A lecture by Mushegh Asatryan. Organized by the Richard Hovannisian Endowed Chair for Modern Armenian History [Established by the Armenian Educational Foundation].
The Tondrakians were a heretical movement with antinomian tendencies that emerged in the territory of Armenia early in the ninth century C.E. The nature of this movement and its beliefs are difficult to understand, as the sources on Tondrakian history are few and biased. What little we do know is that followers of this movement rejected the ecclesiastical hierarchy, the main teachings and rituals of the church, and called their leader a Christ.
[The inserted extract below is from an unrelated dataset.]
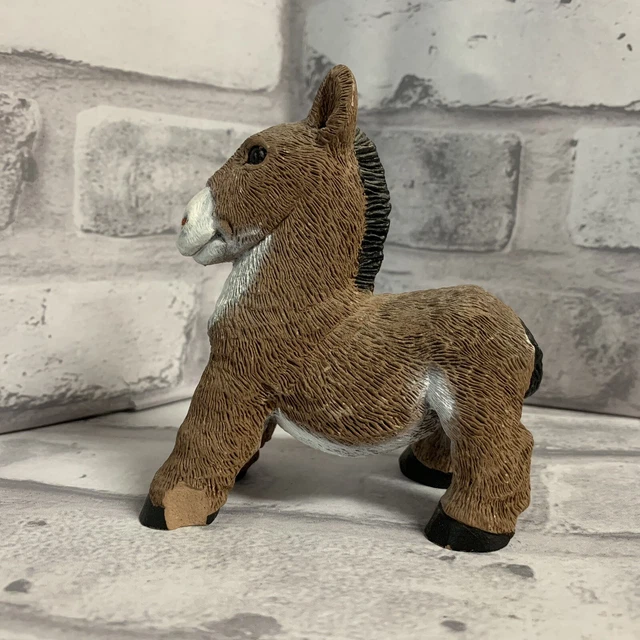 Don James Przewalskis Horse Figurine FLAW Vintage 80s 1982 Donkey Mule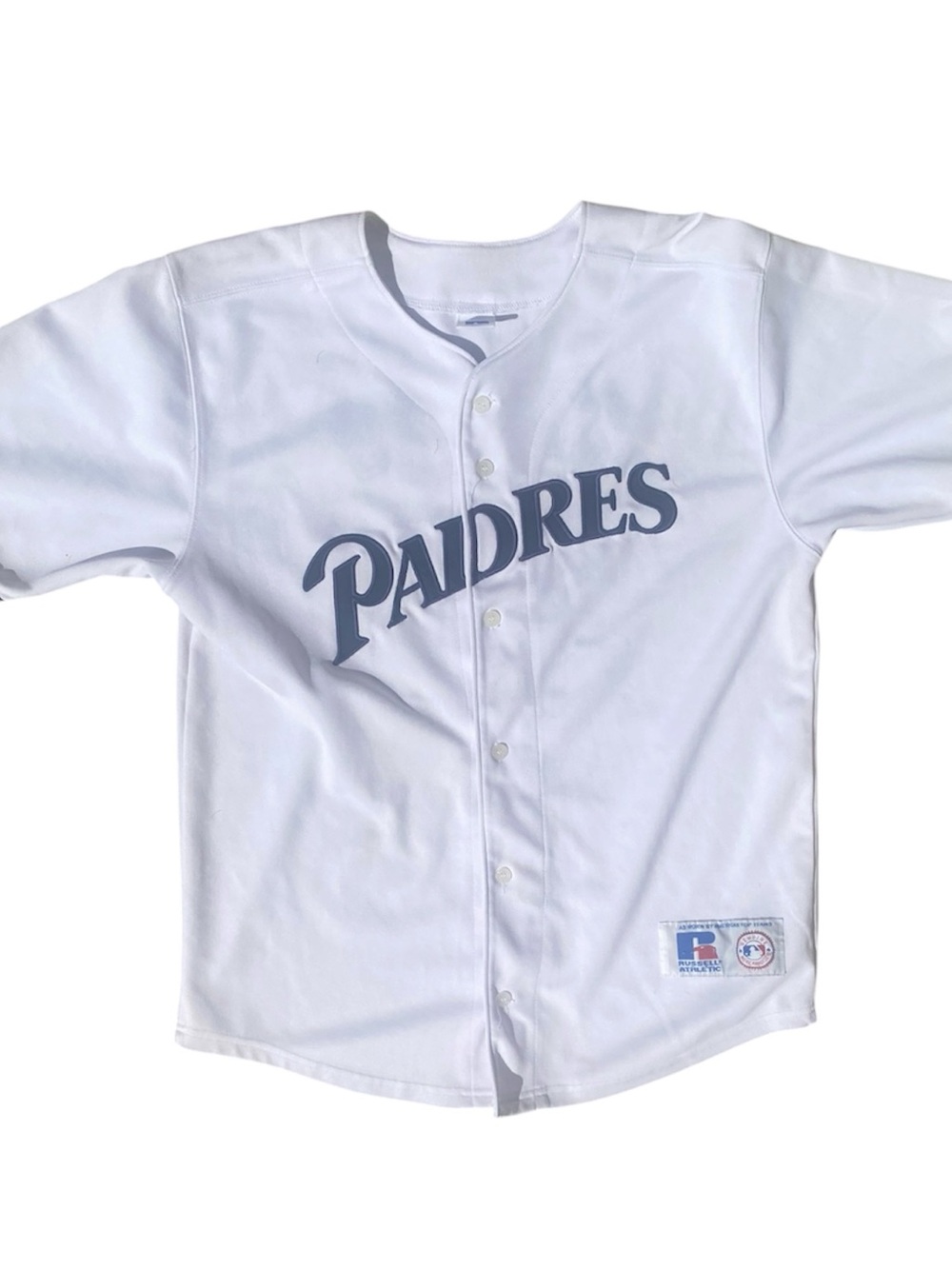 Russell Athletic Ryan Klesko White San Diego Padres Jersey Navy Script XL 18/20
Mushegh Asatryan’s lecture will explore the history of the emergence of the Tondrakians in the larger context of the history of heretical movements in the Middle East during the eighth and ninth centuries. While the several similarities in religious teachings do not necessarily indicate a direct borrowing, the lecture will argue that the spatial and chronological proximity of the Tondrakians to similar heresies in the Islamicate world of Iraq and Iran ― coupled with Armenia’s historic links with the region where these heresies emerged ― is more than suggestive that the two developments were indeed part of a larger “connected history.” The lecture will examine the connected nature of this history by highlighting the circulation of men and religious ideas across the porous frontiers linking Iraq and Khurasan to Armenia during the period of the Umayyad and ‘Abbāsid caliphates when Armenia was first incorporated into the larger Islamic world and even earlier when the entire region was under Sasanian rule.